There’s no denying that dogs with jobs are some of the hardest working creatures on our planet. Search and rescue dogs are no exception. In fact, human lives depend on these amazing canines who save lives and find the lost. In order to fully appreciate the depth of risk and dedication these dogs exude, you’ll want to learn about the history of these daring dog and what they go through to become fearless heroes.

The Hidden History of Search and Rescue Hounds

While working dogs have kept our cattle in line and our sheep safe for centuries, we’ve relied on our dogs’ fine-tuned noses and well-trained canines for over three hundred years to perform searches and rescues.

People first trained St. Bernard’s in the Swiss Alps to search for people who got lost in blizzards. The most infamous of these amazing dogs was named Barry. Barry saved somewhere between 40 and 100 people from freezing to death two hundred years ago. Barry is such a fixture in Swiss culture that the Bern Natural History Museum keeps his body on display to celebrate his achievements.

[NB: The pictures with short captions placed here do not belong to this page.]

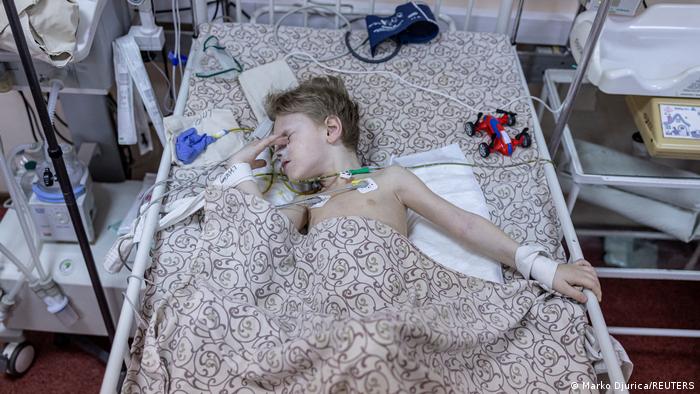 Раненный трехлетний ребенок по имени Дима из Мариуполя в больнице Запорожья, фото 29 марта 2022 года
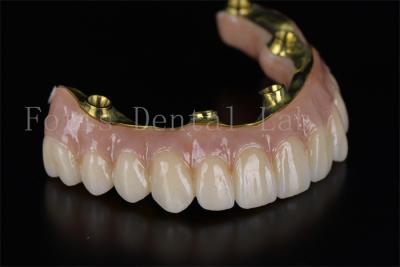 China Reconstrução da Boca Completa Sistema de Implantes Dentários All On 4 All On 6 à venda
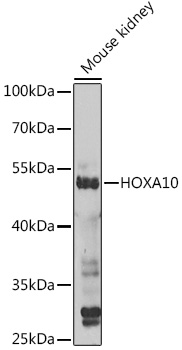 Western blot analysis of extracts of Mouse kidney using HOXA10 Polyclonal Antibody at 1:1000 dilution.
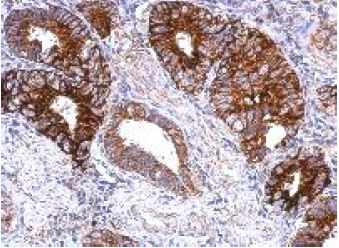 Immunohistochemistry (Formalin/PFA-fixed paraffin-embedded sections) - Anti-GPS2 antibody (AB153986), expandable thumbnail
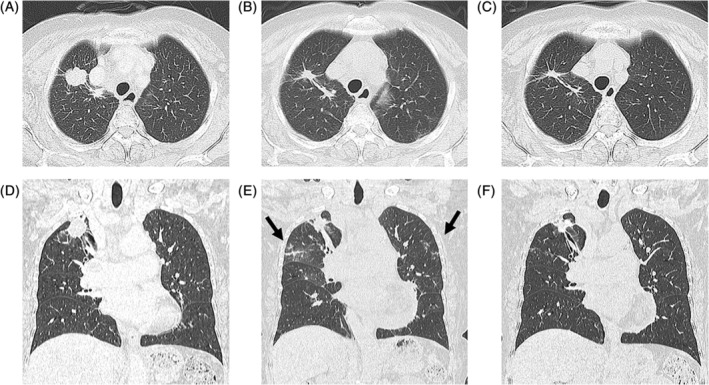 FIGURE 2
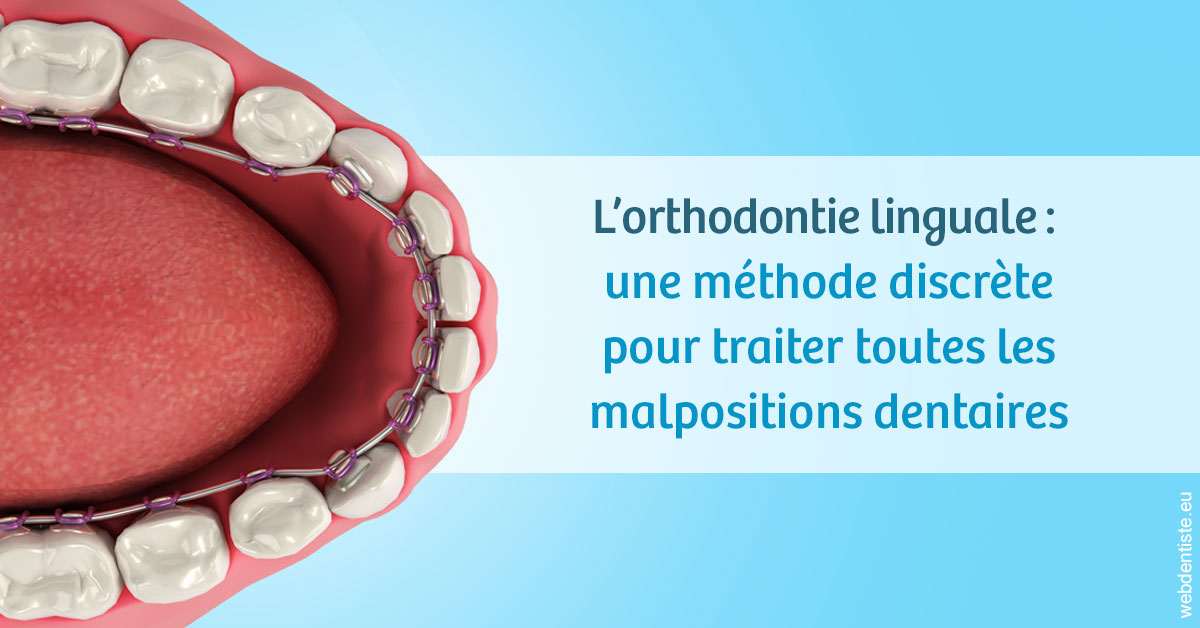 https://dr-rouhier-francois.chirurgiens-dentistes.fr/L'orthodontie linguale 1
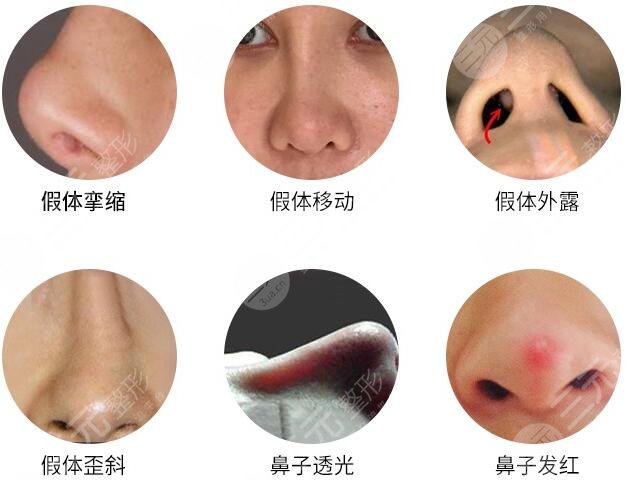 硅胶隆鼻手术副作用
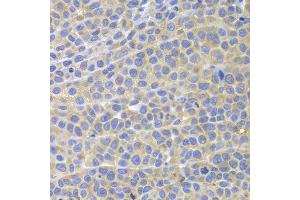 Immunohistochemistry of paraffin-embedded mouse cancer using STAT4 antibody at dilution of 1:100 (x400 lens).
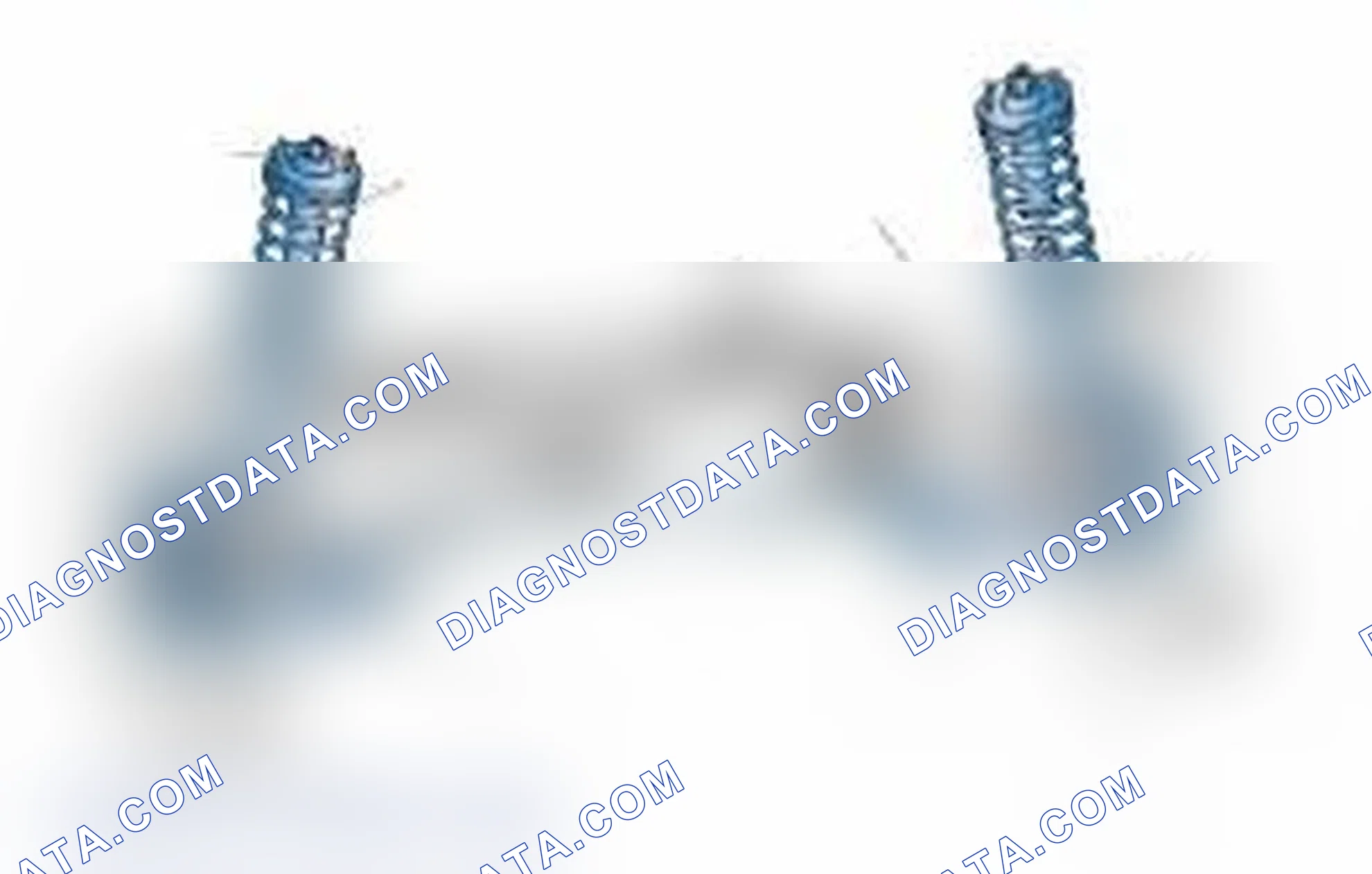 Scheme 25: Typical Front Suspension & Steering Components
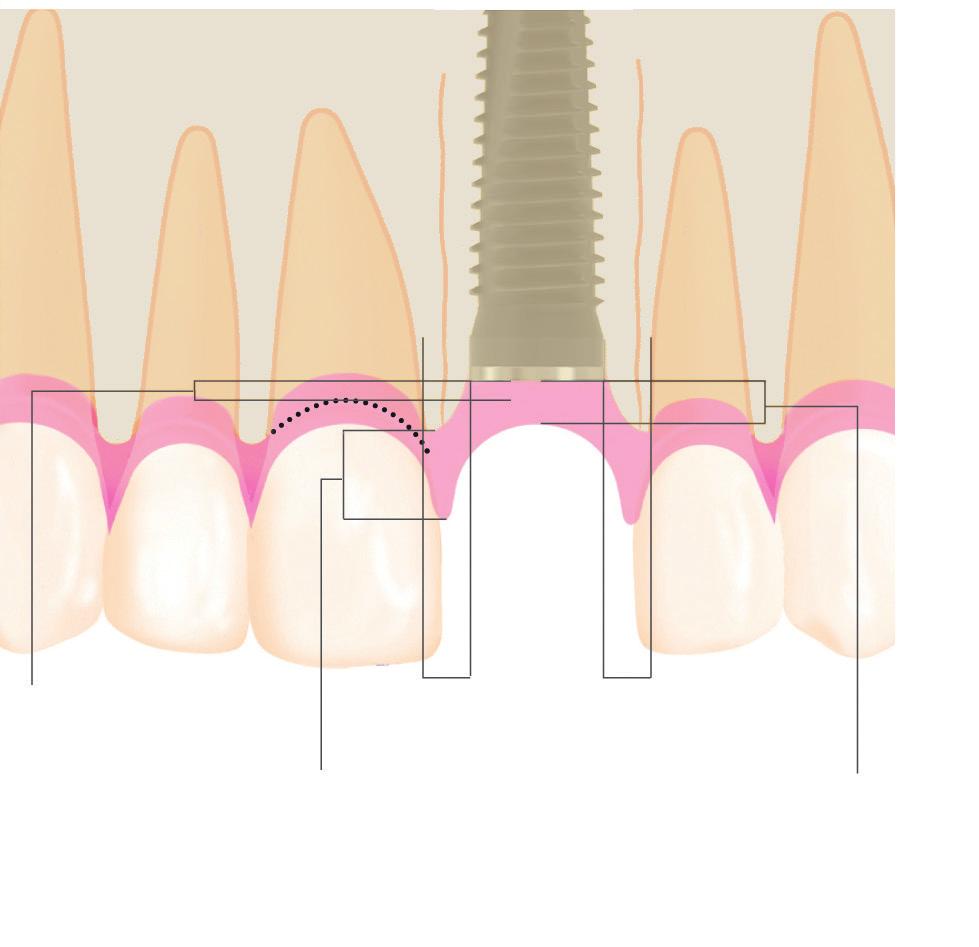 The following aspects should be taken into account during planning: CL (Crown Length) LEVERAGE RATION ON IMPLANT The loading of the implant-bone interface is determined by the leverage ratio from the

Search and rescue canines didn’t just brave the snow and altitude, they also faced bullets during both world wars. Many valiant dogs risked their lives alongside human soldiers in World War I and II. During the first World War, the English trained Doberman Pinschers, German Shepherds, and terriers as sentry dogs, casualty dogs, and as pest control. Sentry dogs barked or growled if the enemy approached to wake sleeping troops and warn them of the danger. Casualty dogs ran out into the line of fire to bring medicine to wounded men.

The conditions of war required soldiers to live the trenches. Unfortunately, rats took up residence beside them. Luckily, terriers were happy to perform a bit of pest control. They made it their mission to catch the rodents to keep them from bothering the weary soldiers.

By the time World War II hit, the U.S. Department of Defense realized the value dogs could have in the war effort. They trained messenger dogs, their own set of sentry dogs, and sled dogs. In fact, at the Battle of the Bulge, when American troops were left stranded in the dense snow, Colonel Norman Vaughan called in 200 sled dogs to help get medicine and sleds to the wounded troops. The snow was so dense that the dogs could not get to the men in need. So, Colonel Vaughan suggested they drop the dogs in. And lo and behold, America had its own paratrooper dogs!

After the wars, Americans realized that our best friends could and should serve a purpose beyond keeping us company—they could keep us safe.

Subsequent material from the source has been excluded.